The correspondence pugilism between CAA and AMC over the agency’s lawsuit with former The Walking Dead showrunner Frank Darabont against the entertainment company over unpaid fees, self-dealing, gross receipts and other claims just put its brass knuckles on again. “AMC’s document requests clearly exceed the bounds of legitimate discovery, as they go far beyond any issues relevant to the instant litigation. Worse, they are manifestly so burdensome and overbroad that compliance would be all but impossible,” said the agency’s lawyer Jerry Bernstein in letter sent this week to Justice Eileen Bransten of the Supreme Court of New York. The correspondence seeking a conference to find resolution in the matter is in response to a letter AMC sent two weeks ago to Her Honor seeking a wide swath of confidential documents from the agency for the case.
“Such a wholesale disclosure of the confidential information of potentially thousands of clients would be devastating to CAA’s reputation and business, would greatly damage CAA’s relationship with its clients, and would have a chilling effect on its competitive position in the marketplace,” the dense July 1 letter says (read it here). “Although prominent, CAA is certainly not the only talent agency in the entertainment industry.

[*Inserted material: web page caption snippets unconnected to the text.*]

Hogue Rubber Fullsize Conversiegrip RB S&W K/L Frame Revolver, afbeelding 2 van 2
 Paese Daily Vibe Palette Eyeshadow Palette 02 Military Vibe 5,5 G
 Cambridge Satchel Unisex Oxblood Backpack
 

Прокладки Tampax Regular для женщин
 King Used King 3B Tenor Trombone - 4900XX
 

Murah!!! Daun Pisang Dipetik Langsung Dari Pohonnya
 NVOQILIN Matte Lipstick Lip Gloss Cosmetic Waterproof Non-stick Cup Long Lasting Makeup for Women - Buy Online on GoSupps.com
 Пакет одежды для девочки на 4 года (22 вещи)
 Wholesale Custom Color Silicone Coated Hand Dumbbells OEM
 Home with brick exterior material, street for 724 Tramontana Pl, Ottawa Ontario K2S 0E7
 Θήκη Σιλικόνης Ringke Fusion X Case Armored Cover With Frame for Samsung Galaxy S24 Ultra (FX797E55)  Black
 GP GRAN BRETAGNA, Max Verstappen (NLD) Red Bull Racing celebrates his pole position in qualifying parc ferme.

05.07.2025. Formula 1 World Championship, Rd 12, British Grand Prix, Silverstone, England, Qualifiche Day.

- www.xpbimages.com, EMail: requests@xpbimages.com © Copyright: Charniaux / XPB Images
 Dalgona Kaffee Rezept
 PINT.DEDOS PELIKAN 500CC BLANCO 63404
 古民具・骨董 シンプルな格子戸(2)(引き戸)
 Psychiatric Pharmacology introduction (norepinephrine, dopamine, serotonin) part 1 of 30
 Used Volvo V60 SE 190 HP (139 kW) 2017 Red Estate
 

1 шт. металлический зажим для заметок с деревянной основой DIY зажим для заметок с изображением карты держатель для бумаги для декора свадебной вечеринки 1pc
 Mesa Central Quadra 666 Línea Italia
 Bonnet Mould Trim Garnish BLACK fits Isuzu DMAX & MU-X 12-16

CAA’s clients would be outraged at the disclosure of their private information in litigation they are not parties to,” the Blank Rome attorney added. “Moreover, they would not be satisfied that even a ‘highly confidential’ designation of their documents would protect their privacy and their business interests.”
“In summary, AMC is seeking to fish through thousands of files of thousands of CAA clients who have nothing to do with this litigation, even though these files will not answer the questions of what AMC should be imputing as a fair market license fee for the Series or whether AMC properly accounted for production tax credits on the Series,” Bernstein wrote to the judge. “Such an unfettered search through CAA’s clients’ files should not be permitted.”
This all started when CAA and Darabont filed a multi-claim complaint on December 17 last year alleging that they were essentially scammed out of contractually assured profits from the hugely successful zombie apocalypse series and that AMC played a “self-dealing” artificially low license-fee shell game with the show based on Robert Kirkman’s graphic novels. AMC has insisted that wasn’t the case. In fact, the cable network reveled in paperwork of their own that Darabont had been paid out nearly $3 million for his work on the first two seasons of WD before being booted off the show he helped create in late July 2011. Since then it has been an almost constant volley of correspondence, with both sides demanding documents from the other and urging Bransten to find in their favor.
Which she did last month for CAA and Darabont.
On June 5, the judge ruled that AMC had to hand over licensing agreements AMC had with Sony over Breaking Bad and with Lionsgate over Mad Men for the producer and the agency’s lawyers to look at. Something that AMC really didn’t want to do. AMC’s letter to Bransten on June 16 was in many ways a counter move to that ruling — a move the plaintiffs clearly think is intended to be more than a little disruptive. “The burdens associated with gathering this information from the largest talent agency in the world, notifying all its clients and their counsel, and dealing with the inevitable fallout from unhappy clients and the negative press reports that would accompany such disclosure would be enormous,” says Bernstein.
We’ll see what the judge says.
Marc E. Kasowitz, Aaron H. Marks, John Berlinski and Mansi Shah of Kasowitz Benson Torres & Friedman LLP NYC and LA offices are representing AMC in the matter. Bernstein and Harris Cogan of NYC firm Blank Rome LLP along with Dale Kinsella represent Darabont and CAA plus Chad Fitzgerald and Aaron Liskin of Santa Monica firm Kinsella Weitzman Iser Kump & Aldisert LLP.